I am writing a recipe that cretes a windows service. Is it better to have a
hard-coded service name or parameterize this in some way? I the latter, what
method is better, databags or is ther something else?

Also should I write a unit test using ChefSpec for this or is just an
integration test sufficient?

What are people’s testing preferences around uses of third-party cookbooks?

Kind regards

Sean.

  1. Parameterise it if it's something that would need changing. If it's a
    service for something specific and that service usually has a well known
    name then don't parameterise it
  2. If you use parameters then set them as attributes in an attribute file
    in your cookbook, i.e.
    default['mycookbook']['service_name'] = 'myservice'
    default['mycookbook']['service_port'] = 1234
  3. If this is a cookbook that you intend to release to the community then I
    would write both unit and integration tests. It's a lot quicker to run a
    chefspec suite (especially if you use caching instead of let) than full
    integration tests, so you can run those while you're developing to quickly
    see if you've introduced a problem and then move up to integration tests
    once those pass

On Mon, Jun 15, 2015 at 8:22 PM, Sean Farrow seanfarrow1984@gmail.com
wrote:

Hi,

I am writing a recipe that cretes a windows service. Is it better to have
a hard-coded service name or parameterize this in some way? I the latter,
what method is better, databags or is ther something else?

Also should I write a unit test using ChefSpec for this or is just an
integration test sufficient?

What are people’s testing preferences around uses of third-party cookbooks?

Kind regards

Sean.

--
Yoshi Spendiff
Ops Engineer
Indochino
Mobile: +1 778 952 2025
Email: yoshi.spendiff@indochino.com

If you are intending this as a library cookbook for public reuse its
better to follow the pattern in the new mysql and httpd cookbooks.
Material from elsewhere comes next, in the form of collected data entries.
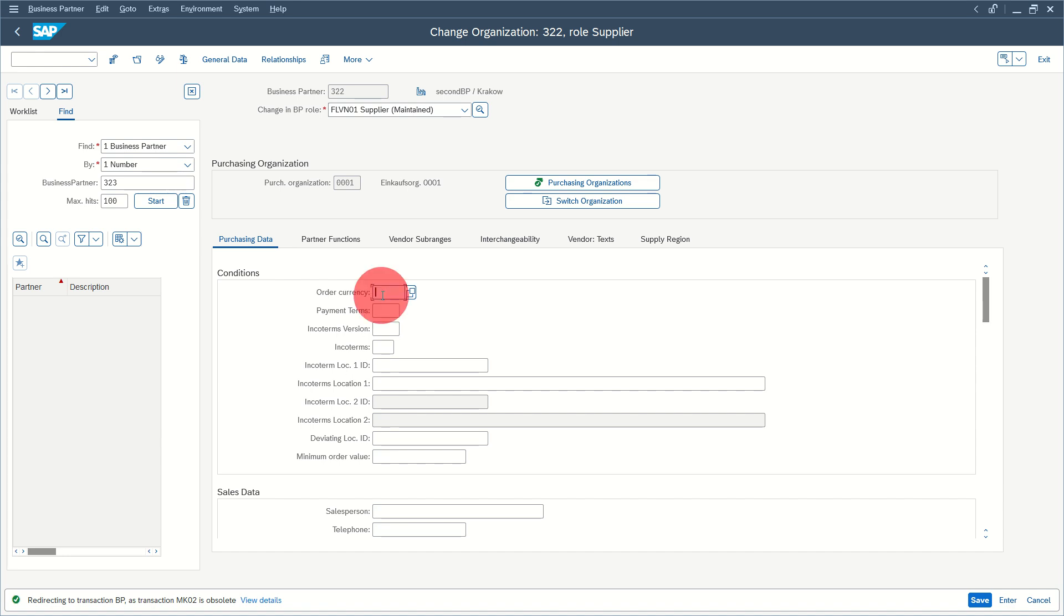enter the order currency. In our case, this supplier is using PLN currency because it's in Poland. Press save and wait for a second.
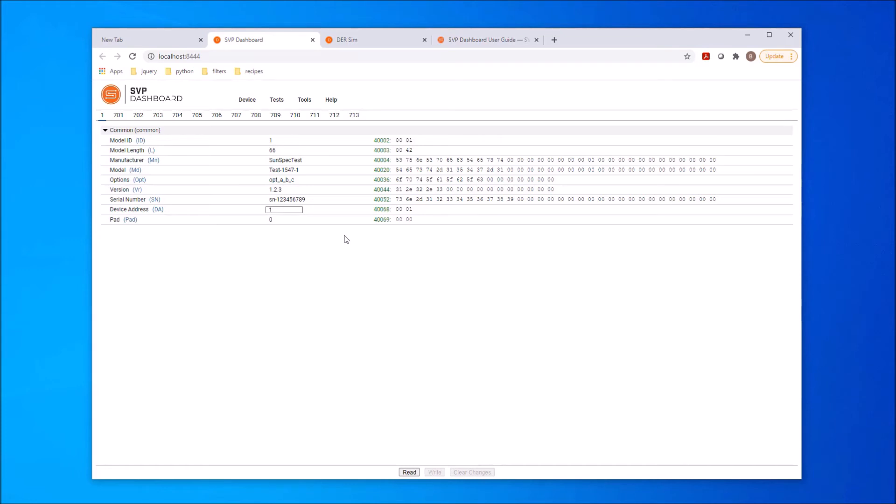Each row in the table represents a data point in the model. There are three main columns of detailed model information for each point. The left column is the data point label and point name as defined in the information model definition. The middle column is the current value for the data point. And the right column is the Modbus address of the data point and the data contents as it would be seen in a Modbus message.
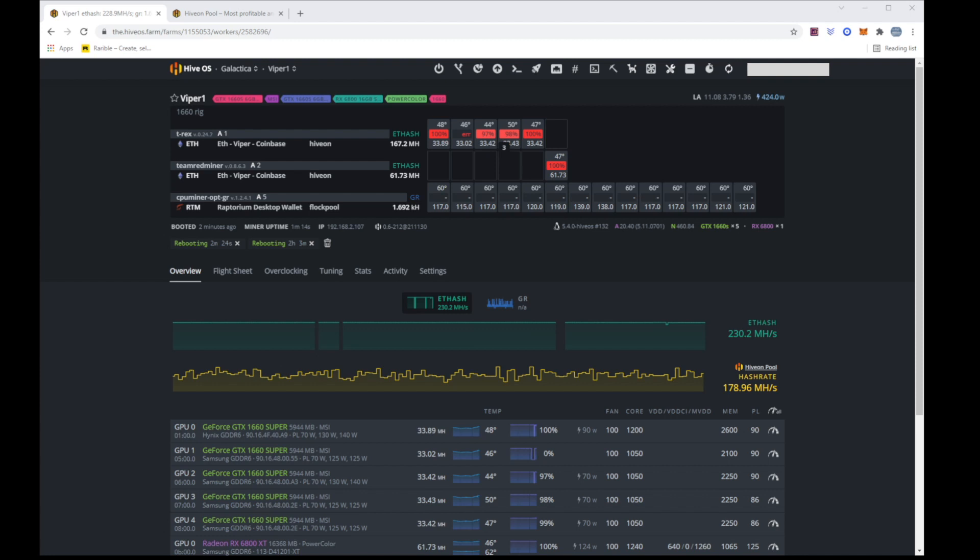So before I apply that fix to number one I was going to go ahead and show you what I did.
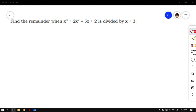Let's have the first example. Say we have to find the remainder when x cubed plus 2x squared minus 5x plus 2 is divided by x plus 3. So according to the theorem, we can find the remainder using two ways: the first one using synthetic division, and the second one is to calculate for P of R. So let's try the first one.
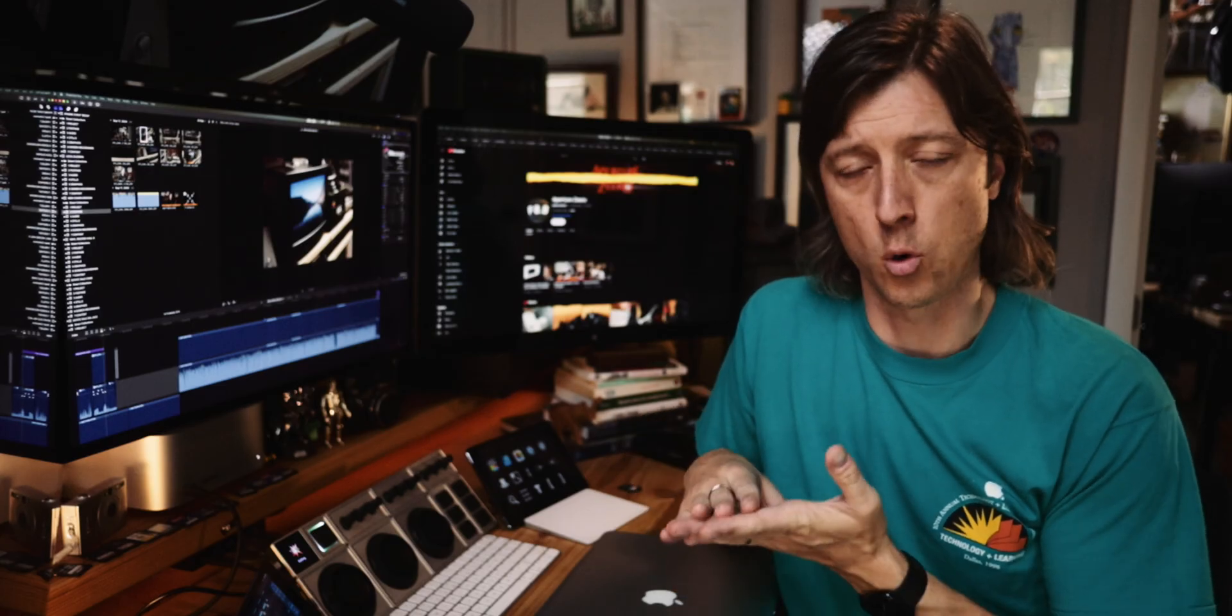So just to repeat, if you are someone that is using Firewire-based devices, old iPods, old hard drives, old camcorders, do not update yet to Final Cut Pro 11.2 or macOS Tahoe.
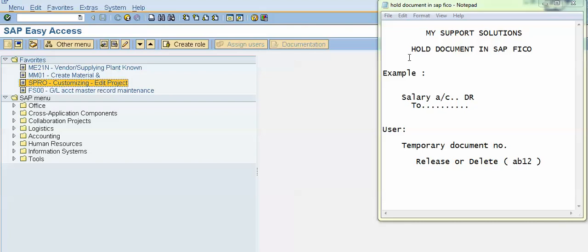In this video we will learn how to hold a document in SAP FICO. First, let us understand why we require to hold the document. In the case when we don't have information regarding a line item, we can hold the document. For example, salary account debit — we know the debit effect, but we are not aware about the credit effect, whether we have to give credit to multiple bank accounts or a single bank account.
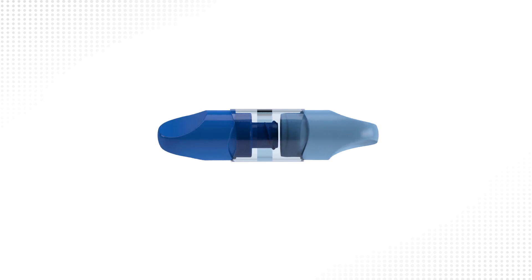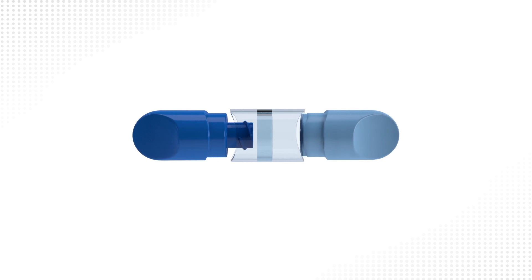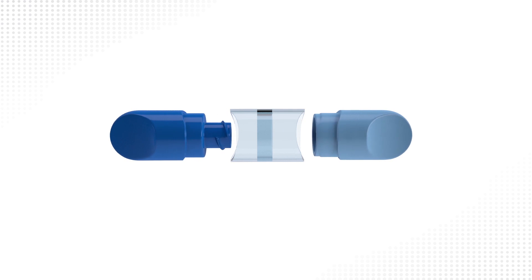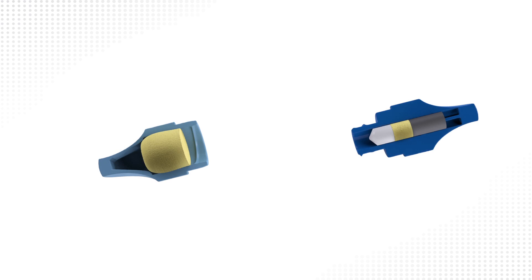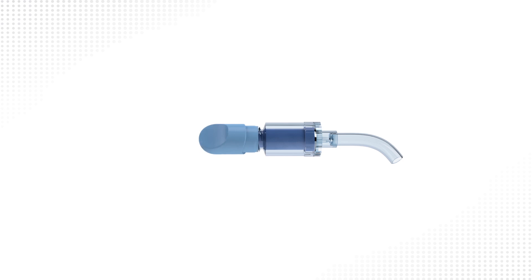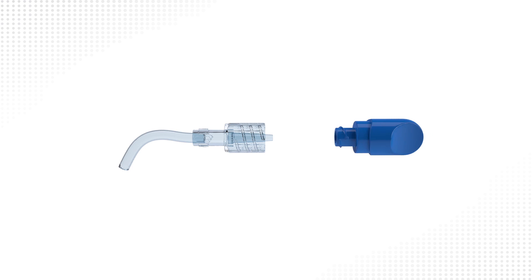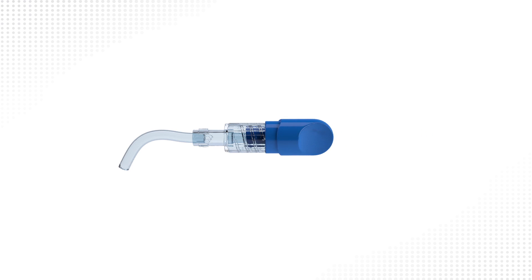The dual cap system consists of two caps. Each cap contains a sponge saturated with 70% IPA that disinfects all critical surfaces of IV access points. The light blue cap is designed for use on needle-free valves. The dark blue cap is designed for use on male luer connectors.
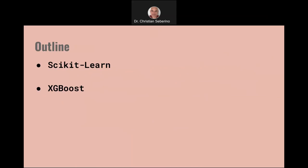Two libraries I'll be talking about: Scikit-Learn and XGBoost. I'm going to do Scikit-Learn first.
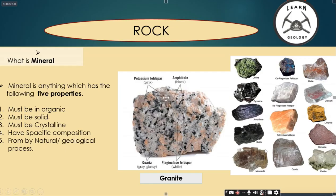Here are some minerals: olivine, pyroxene, amphibole, mica, quartz, and many more. As I already mentioned, the Earth's surface has more than 47,000 minerals present, and each and every year hundreds of new minerals are added to that figure.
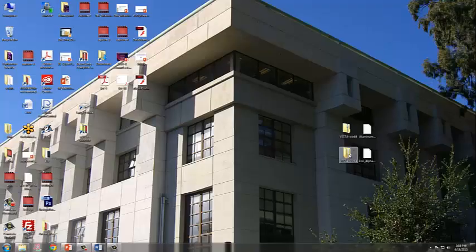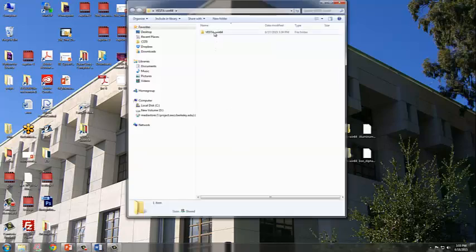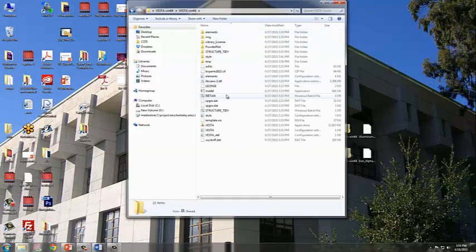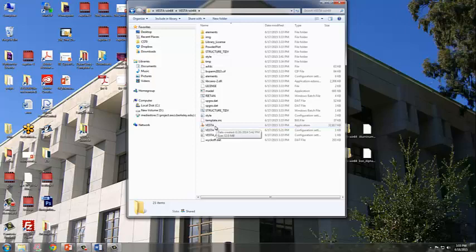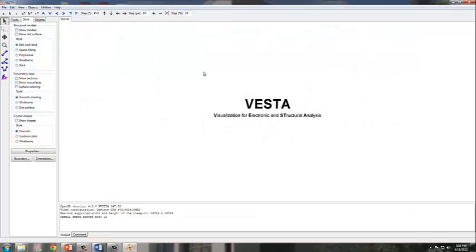Here I have my downloaded unpacked VESTA file. I will open the folder and then open the application, which is here. It's a .exe executable file. I'm going to double click on that, and here is the VESTA program.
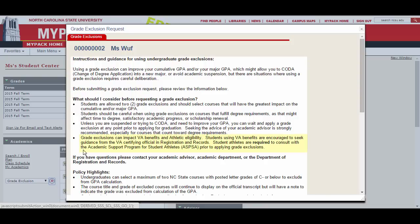If you are receiving financial aid or benefits from the VA, we urge you to contact those offices before applying for a grade exclusion because it may affect your financial funding.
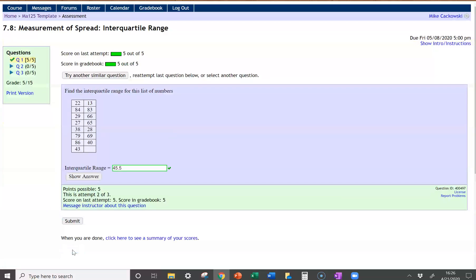Not too hard to do, just remember that it's quartile number 3 minus quartile number 1.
Don't use attributes or recipes at all and instead export resources and
providers. Those kinds of cookbooks shouldn't have anything in the
attributes directory or anything in the recipes directory.

And if you're not familiar with ChefSpec, Rspec, Chef architecture and
unit testing then ChefSpec can be a bit much conceptually at first.
People who pick that up often start trying to write tests to test Chef's
behavior instead of just testing that the resource collection is getting
constructed correctly (and if you write LWRPs then you immediately start
trying to test LWRPs with ChefSpec which gets even more interesting).
Doing integration tests with serverspec is a lot more natural since
you're spinning up a virt and really converging chef against it and then
testing fairly logical assertions like "must be listening on port 80".
The problem with integration tests is that they're much slower and
ChefSpec gives you the ability to test cross platform code without
spinning up any virts at all. I'd start learning about testing chef
recipes with TK+serverspec (or BATS) first.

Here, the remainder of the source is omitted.